Dieses Mal drei Mordmerkmale

Die Richter finden gleich drei Mordmerkmale: niedrige Beweggründe, die Verwendung eines gemeingefährlichen Mittels und Heimtücke.

Bei dem Urteil vor mehr als zwei Jahren war das Landgericht Berlin noch davon ausgegangen, dass erst eine Sekunde vor der Tat ein entsprechender Tötungsvorsatz gefasst wurde. Als nämlich die Männer in die Unfallkreuzung hineinfuhren, hätten sie nach Feststellung des Landgerichts keine Möglichkeit mehr gehabt, den Unfall zu verhindern. Doch der BGH sah diesen Zeitpunkt für den Vorsatz nicht mehr fassbar ab.

Das Gericht wertete dieses Mal das Geschehen in Etappen, um den Zeitpunkt des Tötungsvorsatzes zu lokalisieren. Der Vorsatz wuchs an – und zwar vom “Start” über das “Rennen” zum “Ergebnis (Crash)”.

Der Bürger und die Politik schreien und die Gerichte folgen

Es scheint so, als ob hier das Gericht der Öffentlichkeit und der Politik gefallen will. Ich kann hier immer noch nicht den Tötungsvorsatz und vor allem ein Mordmerkmal erkennen. Mögen mich jetzt diejenigen steinigen wollen, die das nicht verstehen wollen. Es geht nicht um die Höhe der Strafe. Es geht mir um den Tatbestand.

Ich kann doch auch nicht aus einem Raub, begangen durch einen Kickboxer, einen besonders schweren Raub machen, weil ich den Kickboxer als angewandte Waffe sehe.

Der Zeitpunkt des Vorsatzes zur Tötung eines Menschen ist mir zu konstruiert.
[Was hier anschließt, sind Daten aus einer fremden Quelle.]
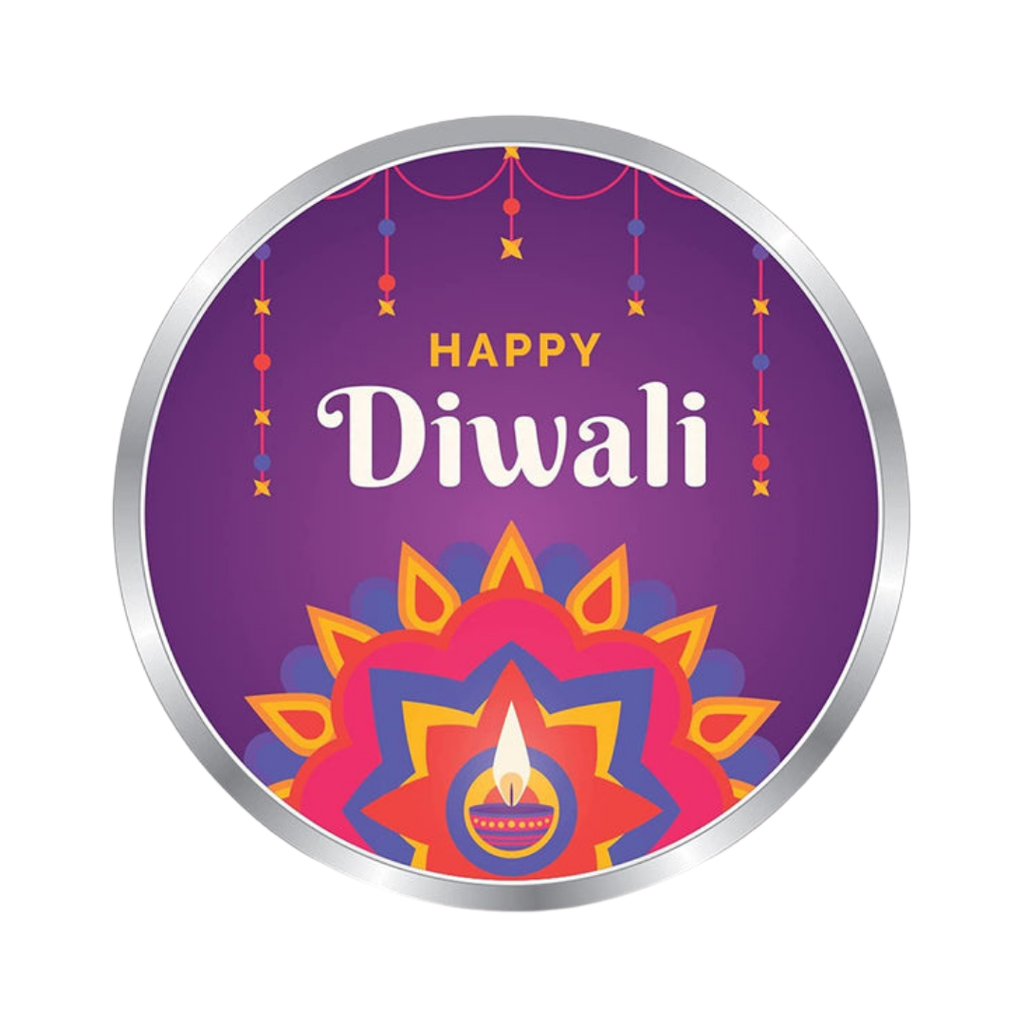 Happy Diwali Premium 999 Silver Coin – 10g | Collections Today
Es zeigt mehr auf, dass hier das Gericht der Öffentlichkeit und der Politik gefallen will. Das kann aber nicht unsere Rechtsprechung sein.

Hier wird der BGH über die Urteilsgründe zu befinden haben. Wenn die Mordmerkmale gut begründet sind, dann wird der BGH das Urteil nicht aufheben. Wird der Bundesgerichtshof wegen der Lokalisierung des Zeitpunktes des Vorsatzes dem Landgericht folgen?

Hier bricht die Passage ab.